■ DATA BLOCK
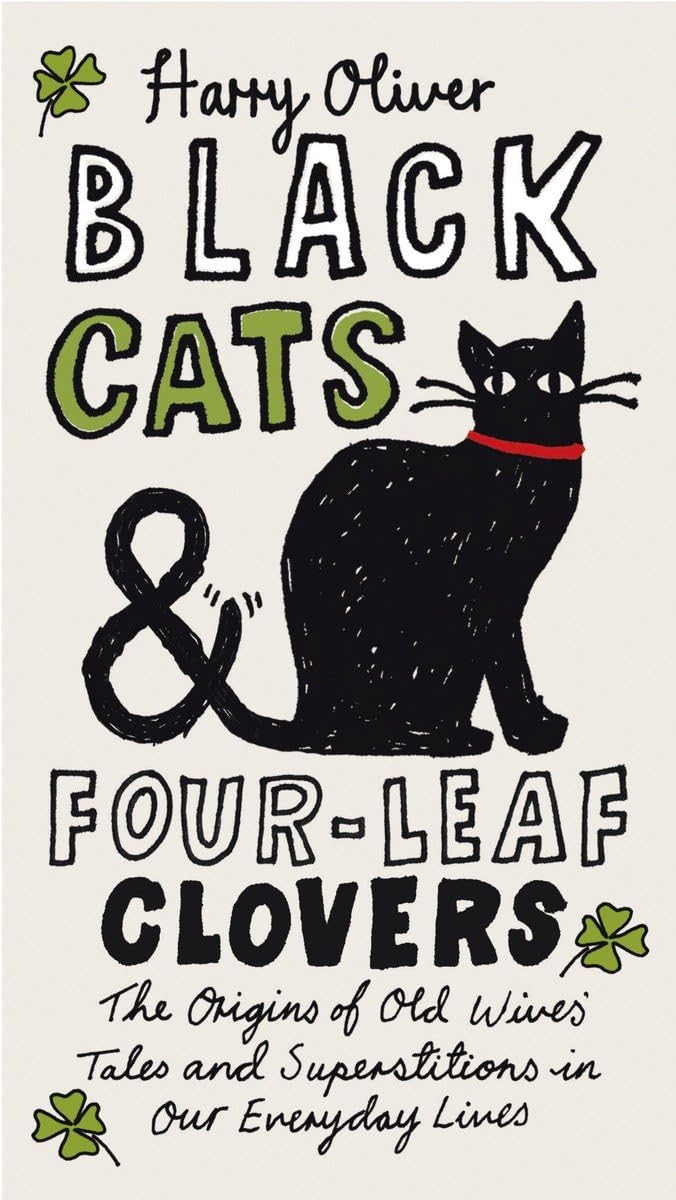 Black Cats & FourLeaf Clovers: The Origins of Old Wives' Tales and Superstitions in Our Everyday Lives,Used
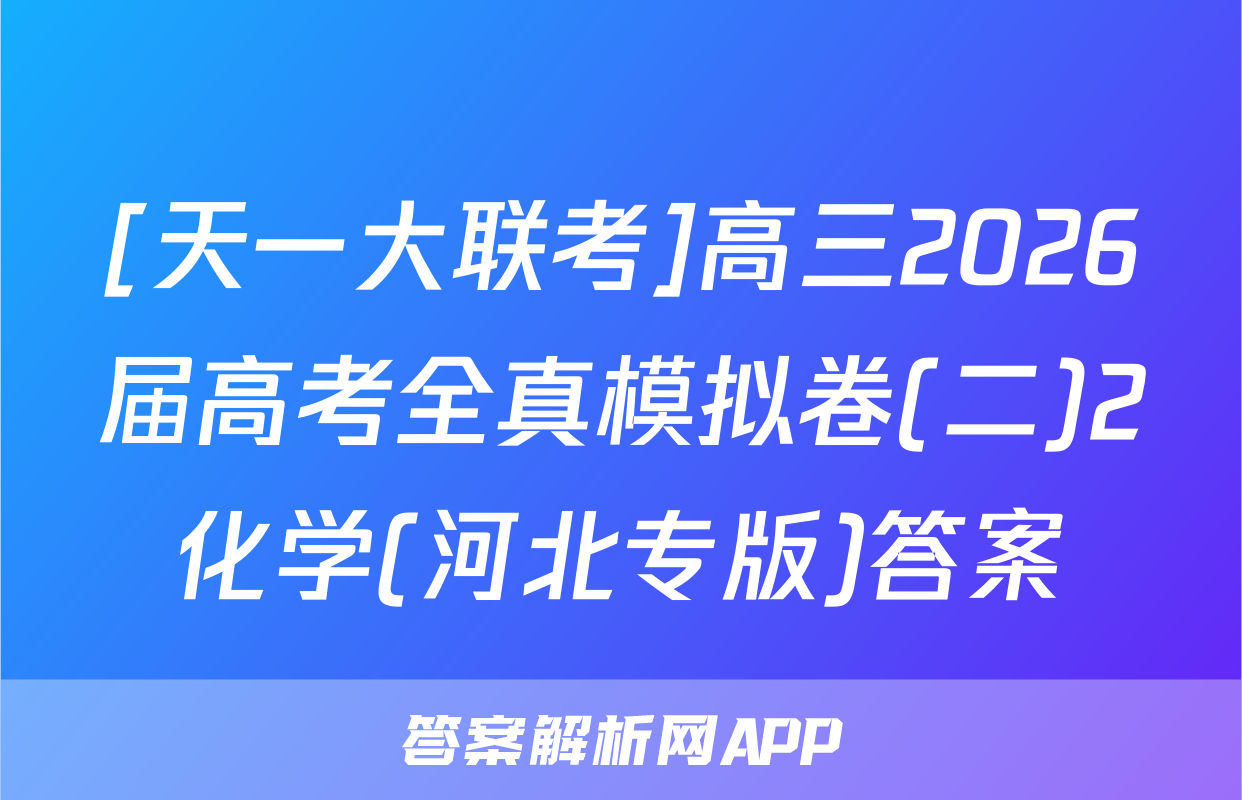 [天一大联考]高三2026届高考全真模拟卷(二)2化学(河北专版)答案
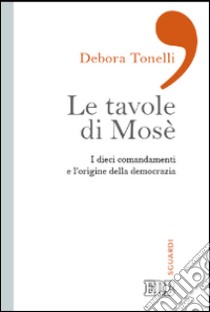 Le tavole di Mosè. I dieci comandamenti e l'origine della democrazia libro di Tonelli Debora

■ PROBLEM REQUIREMENTS
What do the lines above say from the line containing "[天一大联考]高三2026届高考全真模拟卷(二)2化学(河北专版)答案" through the last line? Quote them exactly, both ends included, and leave out the pictures.

■ TASK SOLUTION
 [天一大联考]高三2026届高考全真模拟卷(二)2化学(河北专版)答案
 Le tavole di Mosè. I dieci comandamenti e l'origine della democrazia libro di Tonelli Debora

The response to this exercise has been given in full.